We go to Daystar every other Thursday to visit with the seniors and then to hang out at Castle Park. Every other Thursday we have previously (last year and two trips this year) gone on other types of field trips such as taking the bus to Lincoln Park or going to the library. Last year they couldn’t wait to bust out of the doors and find adventure. But this year is different (in more ways than one!)

When I asked them where they wanted to go for their field trip last week, they told me they wanted to stay at school and have open classroom ALL DAY LONG! So that’s what we did.

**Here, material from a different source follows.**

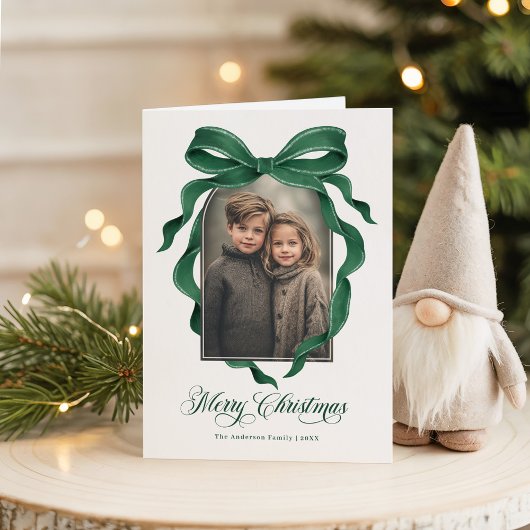 Moody Green Bow Custom Photo Christmas Holiday Feestdagen Kaart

When I announced to the parents and the rest of the school, the choice the kids made, I got many reactions. Some people were shocked because who doesn’t want to travel and explore and some people asked me questions like; “What does open classroom mean? Are they just going to play all day?”

It’s kind of funny or not-so-funny or a bit shocking to think that just a year ago the openness that is our preschool that involves choices at every turn is then narrowed down to breaks of time that increasingly diminish choices. While I am the one who created the schedule and find focus times such as math and language arts to be an important stepping stone in the developmental stage that is primary education, I do believe that our open classroom afternoons are just as significant in the learning process of five to seven year-olds as when I am instructing them in a lesson.

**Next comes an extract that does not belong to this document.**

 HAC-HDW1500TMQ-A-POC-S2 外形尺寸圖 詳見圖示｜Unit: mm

Don’t get me wrong focus time is fun too. We are learning skills that are empowering and magical such as telling time on an analog clock, figuring out all the words in the {at} word family and listening to Asher yell to a friend; “I know ALL the words in the {at} word family and then turning to me and saying; “Hey, look at the clock, it’s noon, I just learned how to tell time!” How wonderful. Not all students will come to this information by choice and if presented in a fun environment makes focus time worth every minute.

I just want to state in black and white that choosing what you learn and how you learn it is just as important and that play is how five to seven year-olds still learn the best.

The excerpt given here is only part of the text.